MALAWI
Je continue les articles à charge, pardonnez-moi. Ici, comme au Sénégal d’ailleurs, pas un village, pas un hameau sans un panneau à la gloire du ou des « projets humanitaires » financés par l’Union Européenne, le gouvernement Britannique, les Américains ou même des particuliers bienfaiteurs de l’humanité. Tantôt le développement d’une petite association pour le travail des femmes du village, tantôt la construction d’un orphelinat, tantôt un projet de mutualisation des semences ou des récoltes. Sûrement de bonnes idées. Sûrement de bonnes intentions. Malheureusement, sur nos vélos on voit les locaux déserts, le bâtiment de l’orphelinat reconverti en moulin à grain (les enfants sont dans un autre village, plus loin nous dit-on). Quand au travail des femmes, voilà une idée bien européenne qui nous plait à tous. Nous avons dormi dans une Resthouse, une sorte de mini hôtel sommaire pour les autochtones où les pris sont très bas. Un beau projet, financé par un particulier anglais. A l’entrée de cette Resthouse dénommée « la maison des femmes », une plaque à la gloire du généreux donateur « Un homme qui a passé sa vie à aider les autres ». A l’intérieur, une salle de conférence, une petite salle avec quelques vieux ordinateurs, une petite boutique et des chambres. A l’accueil : un homme, à la boutique : un homme, le gardien : un homme. Mais où sont les femmes du village ? Le responsable de la structure nous répond « elles viennent deux fois par semaine pour suivre des cours d’informatiques. » On n’a pas insisté, pas demandé combien elles étaient ni à quoi leur serviraient ces cours d’informatiques. Nul doute que ce projet correspondait à un besoin réel du village. Après tout, le Malawi est un pays pauvre, les gens ont besoin d’être aidés. Certainement. Peut-être. En tout cas pas comme ça, pas n’importe comment, sans suivi, sans comptes à rendre. Sinon le message que l’on fait passer c’est continuez à tendre la main, à inventer des microprojets aux noms porteurs (collectif pour les femmes du village, écologie, développement durable sont des mots qui font mouche en Europe et que l’on retrouvait fréquemment sur les panneaux des projets au Sénégal) et l’argent arrivera tout seul sans réelle contrepartie.

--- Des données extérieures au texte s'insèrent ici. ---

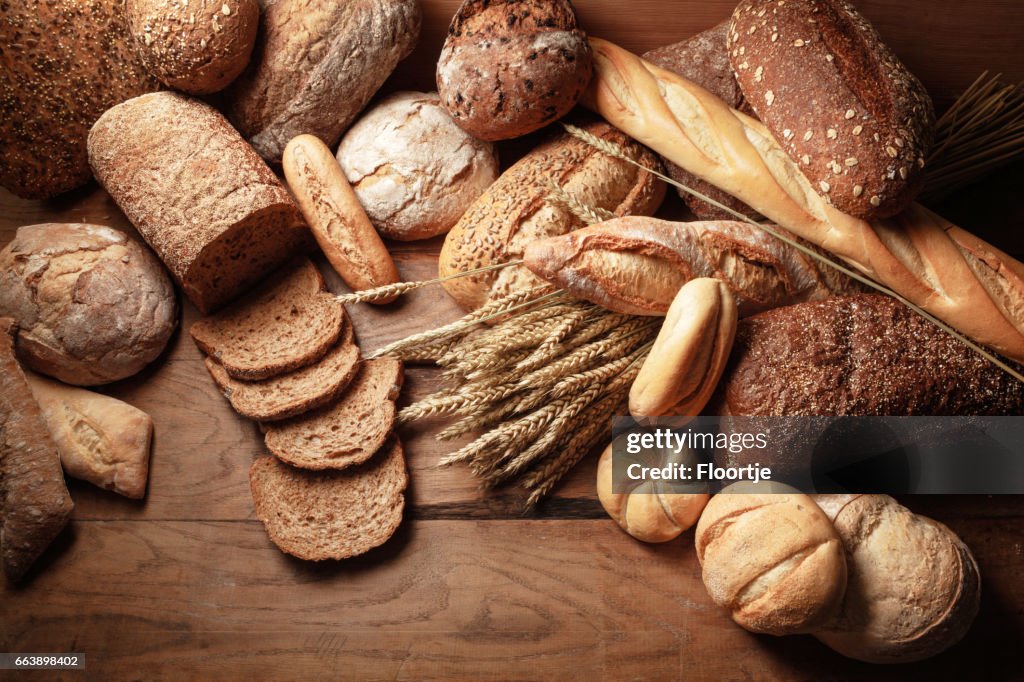 Bread: Bread Variety Still Life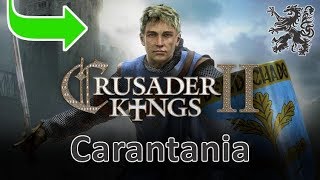 001  Lets play CK2  Kingdom of Carantania Crusader Kings 2 [upl. by Aieka]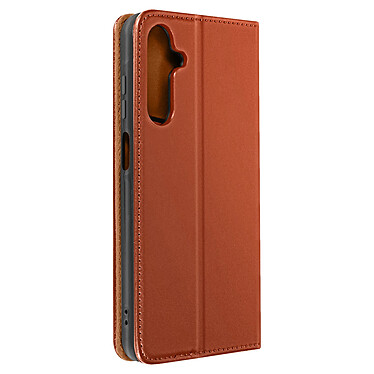 Avizar Housse pour Samsung Galaxy A25 5G Cuir Véritable Porte-carte Marron Clair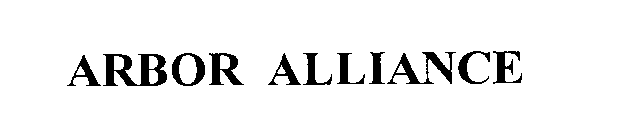 THE ARBOR ALLIANCE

Quand à nous les touristes, je persiste à penser qu’il est inutile de venir les bras chargés de stylo ou de tee-shirts. Ca ne va jamais aux bonnes personnes. On laisse le tee-shirt à notre guide, au gérant de notre hôtel, on donne voir on jette par la fenêtre de notre 4×4 un stylo à des bouts de choux de 2 ans sur le bord des routes. Mais que va-t-il faire avec le stylo ce gamin ? Sur quoi va-t-il écrire ? En quoi sa vie va être améliorée ? Quand aux guides, aux hôteliers, ils travaillent bon sang, ils gagnent leur vie, pourquoi diable continuer à penser que l’Afrique a besoin qu’on lui donne des trucs dont elle n’a pas besoin, des trucs d’ailleurs qui vont être revendus aussi vite que possible à ceux qui en auront vraiment besoin. Croit-on vraiment que l’on a été utile en distribuant nos surplus lors de nos voyages ? Croit-on vraiment que ce saupoudrage a un sens, qu’il aide vraiment quelqu’un ? N’est-ce pas simplement une façon de se donner une bonne conscience face à cette misère qui nous dérange lorsqu’elle est trop près de nous ?

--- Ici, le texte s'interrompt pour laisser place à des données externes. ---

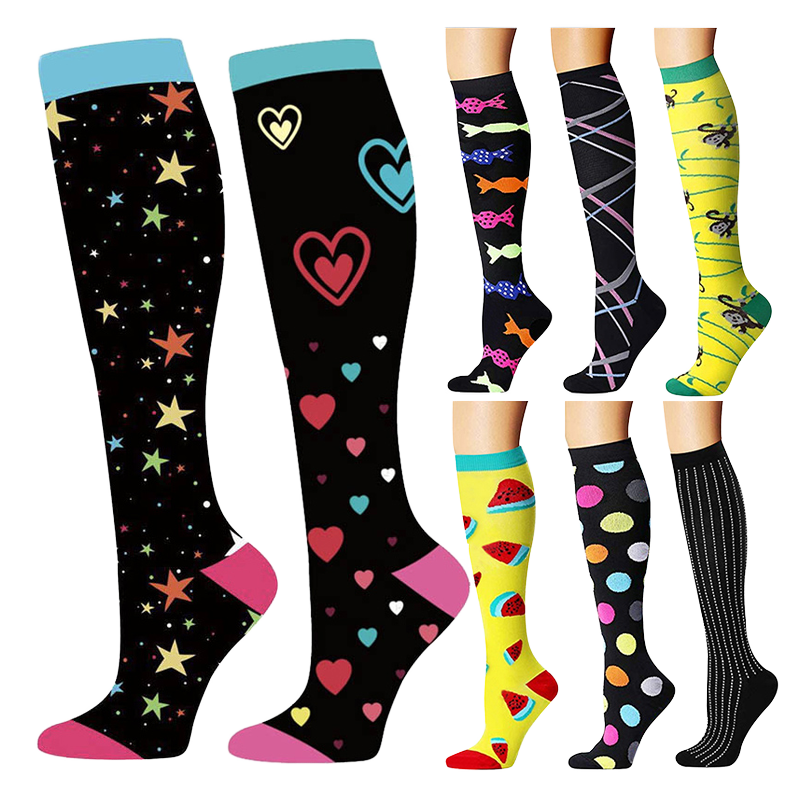 Pressure Socks Factory - OEM Long Tube Men Women Sports Compression Socks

Vous me direz que doit-on faire alors ? J’aurai envie de dire : les laisser tranquille ces gens, arrêter de faire du profit sur leur dos, arrêter de payer un safari 400 euros lorsque 5 euros reviennent au chauffeur et 200 euros à l’hôtel appartenant à une entreprise sud-africaine ou européenne, arrêter d’avaler les couleuvres que les intermédiaires, les grandes surfaces veulent nous faire avaler. Mais tout ça ce sont des utopies, des réflexions un peu puériles, des idées un brin naïves alors je ne sais pas. Je n’ai pas la réponse. Mais je peux vous dire en tout cas, pas ça, pas comme ça, pas comme au Malawi, pas comme au Sénégal, ça ne rend service à personne.